What is needed is a word-for-word transcript of the listing, free of pictures.

RECORDED INFORMATION:
__________
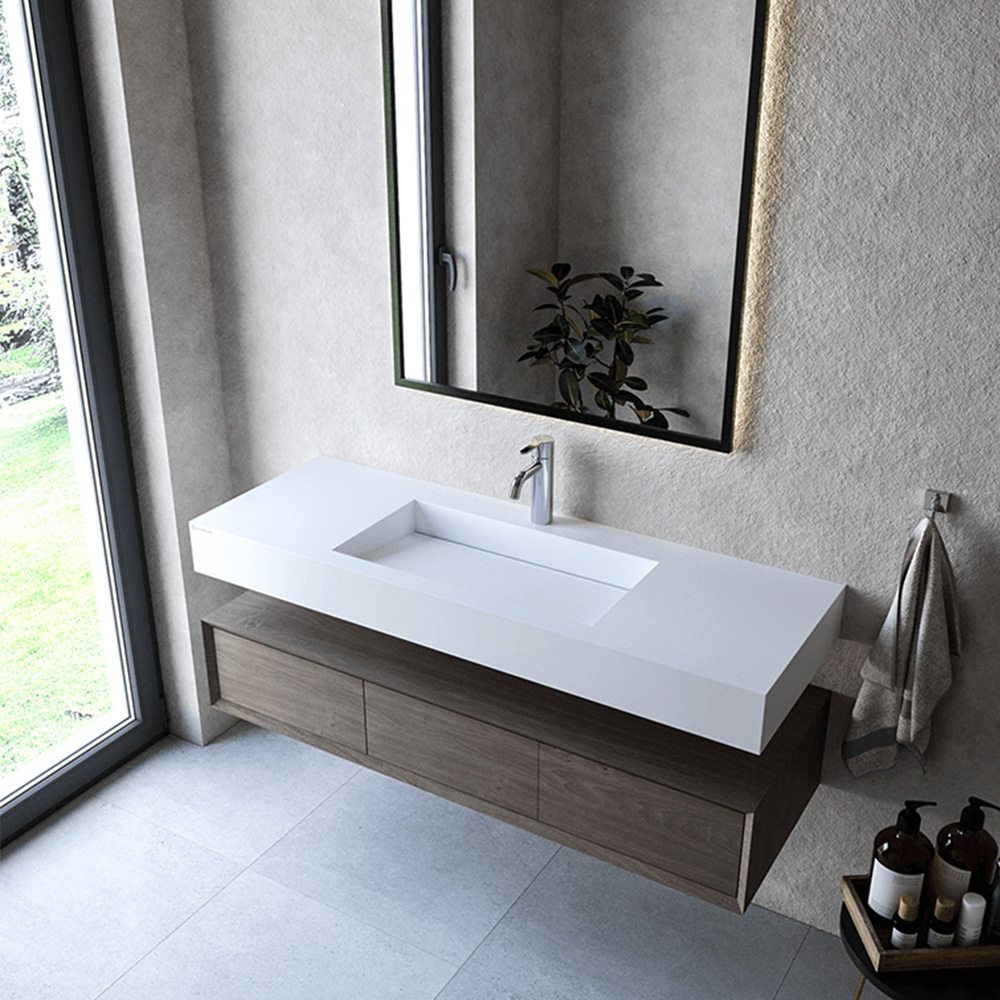 Cristalstone Linea Ideal umywalka 130x45 cm ścienna prostokątna biały U1300-MCOLC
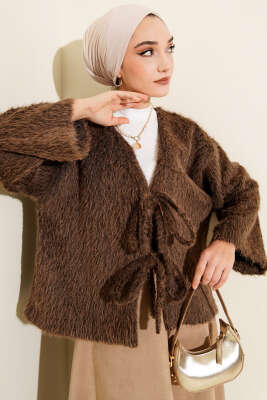 Önü Bağcıklı Sakallı Kısa Kimono Kahve - DUFON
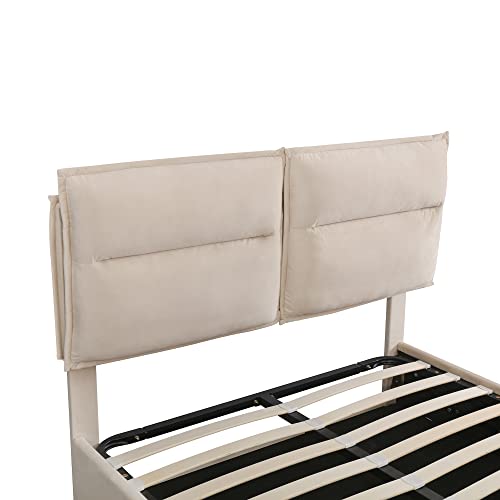 Merax Full Upholstered Platform Bed with a Hydraulic Storage System, Beige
__________
TASK RESULT:
 Cristalstone Linea Ideal umywalka 130x45 cm ścienna prostokątna biały U1300-MCOLC
 Önü Bağcıklı Sakallı Kısa Kimono Kahve - DUFON
 Merax Full Upholstered Platform Bed with a Hydraulic Storage System, Beige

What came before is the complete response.